There are many pieces of legislation that are ongoing, and will be continued into the short session. Although they were not completed yet, they are a top-priority for 2016.

House Bill 882: a bill containing protections for homeowners, and more clearly defined roles of their Home Owners Associations.

House Bill 847: a bill providing protections for families with critically ill children.

House Bill 880: a bill that would provide the ability for hospital police to keep detainees in their custody, removing the burden from local law enforcement.

Legislative Accomplishments

Throughout this lengthy session, there were many moments where Representative Jordan was able to sponsor and support great legislation. Here are a few of the highlights of the session:

House Bill 879: a bill spearheaded by Rep. Jordan that provided much needed reforms to the juvenile justice code.

Protected Watauga County from a loss in sales tax revenue.

Supported an increase in sales tax revenue for Ashe County.
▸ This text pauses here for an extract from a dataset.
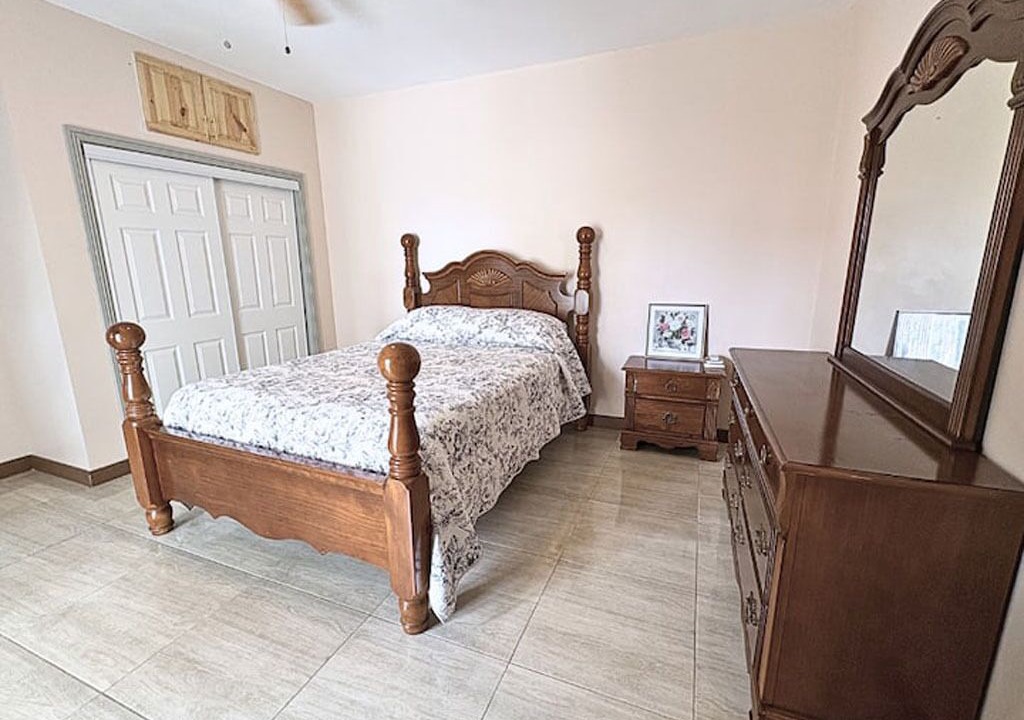 Photo of Bedroom in Mango Walk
Supported the compromise budget plan which included a responsible 3.1 percent spending increase, invested hundreds of millions of additional dollars in public education and other core priorities and shored up the state’s rainy day and repair and renovation funds by $600 million.

Salaries and Benefits:

Allocated $313 million in the first year alone for compensation increases to state employees, including a $750 bonus for all teachers and state workers.

Offered experienced-based step increases to teachers, assistant principals, principals, State Highway Patrol troopers, clerks and magistrates.

Set aside funding for pay raises to community college employees.

Allocated funds for a 3 percent market-based salary increase for all sworn members of the State Highway Patrol and raises starting salaries from $35,000 to $36,050 per year.


Increased early-career teacher pay from $33,000 to $35,000 per year, fulfilling a promise made by state leaders last year. And over two years it preserves funding for driver education and for all teaching assistant positions supported in last year’s budget, requiring school systems to use the funds for those jobs.

Increased funding for public education by more than $530 million in the first year alone.

Enhanced textbook and digital learning resources funding to ensure that students across the state receive the tools they need to succeed.

Fully funded teaching assistant positions at the 2014-2015 level and includes language to protect those jobs.

Taxes and Economic Development:

Supported a comprehensive tax reform package that reduces the tax burden on North Carolina families and small businesses by close to $400 million over the next two years and fully restores the state tax deduction for medical expenses. The plan also extends Historic Preservation Tax Credits.

Cut the personal income tax rate to 5.499 percent beginning in 2017 from 5.75.

Increased the standard deduction, or zero percent tax bracket in 2016 – ensuring taxpayers married filing jointly pay no state personal income tax on their first $15,500 of income.

Provided new local tax revenue to support education and economic development in counties with insufficient local sales tax dollars. The additional local revenue must be used to support public schools, community colleges or economic development in those counties.

Other Areas:

Invested an additional $705 million over two years for transportation needs, in part by ending a $216 million transfer from the Highway Fund to the General Fund and ensuring that money is finally spent on building and maintaining safe roads and bridges.

Provided $225 million over two years to begin the process of restructuring and reforming the state’s chronically troubled Medicaid program.

Laid the groundwork to give voters the opportunity to pass a $2 billion bond referendum to support improvements across the state.

Adjusted fees at the Division of Motor Vehicles for the first time in more than a decade to support additional transportation needs. The change in fees will be more than offset by the major tax cuts also found in the budget.

Implemented the governor’s recommendation to establish a more efficient state Department of Military and Veterans Affairs and provides close to $1.7 million to support military installations.